(Problem description) For this exercise, please transcribe exactly and only the lines from the one containing "I also heard" through the end of the material, both ends included, without pictures.

(Data section)
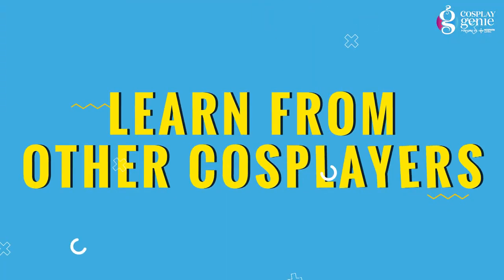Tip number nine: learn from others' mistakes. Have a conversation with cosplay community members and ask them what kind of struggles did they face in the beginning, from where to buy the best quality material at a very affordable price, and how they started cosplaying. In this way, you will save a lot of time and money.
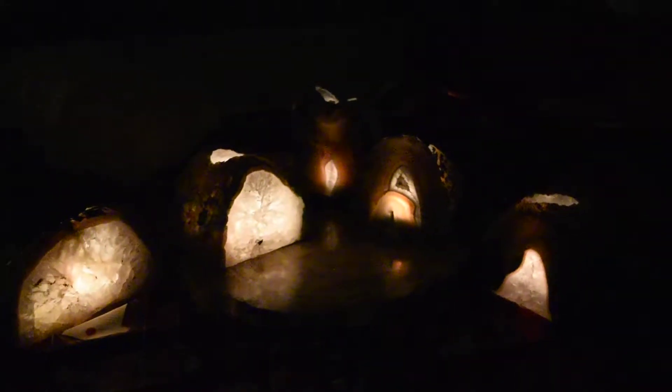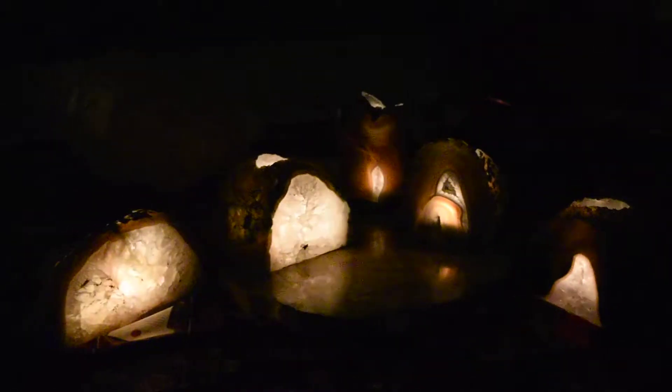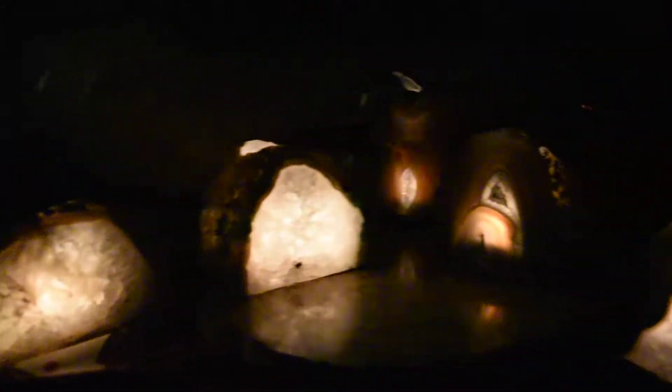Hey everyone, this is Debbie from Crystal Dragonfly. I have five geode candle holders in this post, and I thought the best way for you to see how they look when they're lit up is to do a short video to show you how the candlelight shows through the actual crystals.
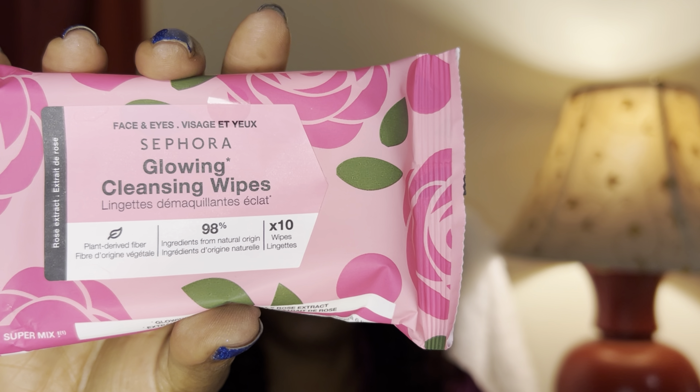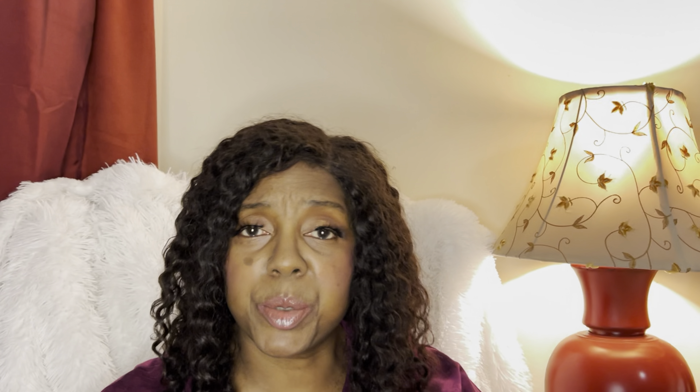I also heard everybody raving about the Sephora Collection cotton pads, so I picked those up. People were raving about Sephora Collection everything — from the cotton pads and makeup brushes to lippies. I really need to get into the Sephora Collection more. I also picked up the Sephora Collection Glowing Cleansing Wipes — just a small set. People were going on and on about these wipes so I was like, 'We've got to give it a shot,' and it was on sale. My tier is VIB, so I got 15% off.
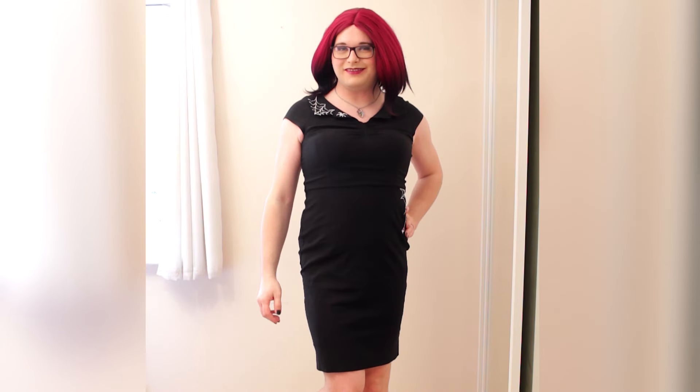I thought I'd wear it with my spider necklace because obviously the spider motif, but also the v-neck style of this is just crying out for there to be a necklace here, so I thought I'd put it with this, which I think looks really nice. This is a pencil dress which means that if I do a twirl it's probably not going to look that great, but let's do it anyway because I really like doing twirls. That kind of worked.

(Output)
I also heard everybody raving about the Sephora Collection cotton pads, so I picked those up. People were raving about Sephora Collection everything — from the cotton pads and makeup brushes to lippies. I really need to get into the Sephora Collection more. I also picked up the Sephora Collection Glowing Cleansing Wipes — just a small set. People were going on and on about these wipes so I was like, 'We've got to give it a shot,' and it was on sale. My tier is VIB, so I got 15% off.
I thought I'd wear it with my spider necklace because obviously the spider motif, but also the v-neck style of this is just crying out for there to be a necklace here, so I thought I'd put it with this, which I think looks really nice. This is a pencil dress which means that if I do a twirl it's probably not going to look that great, but let's do it anyway because I really like doing twirls. That kind of worked.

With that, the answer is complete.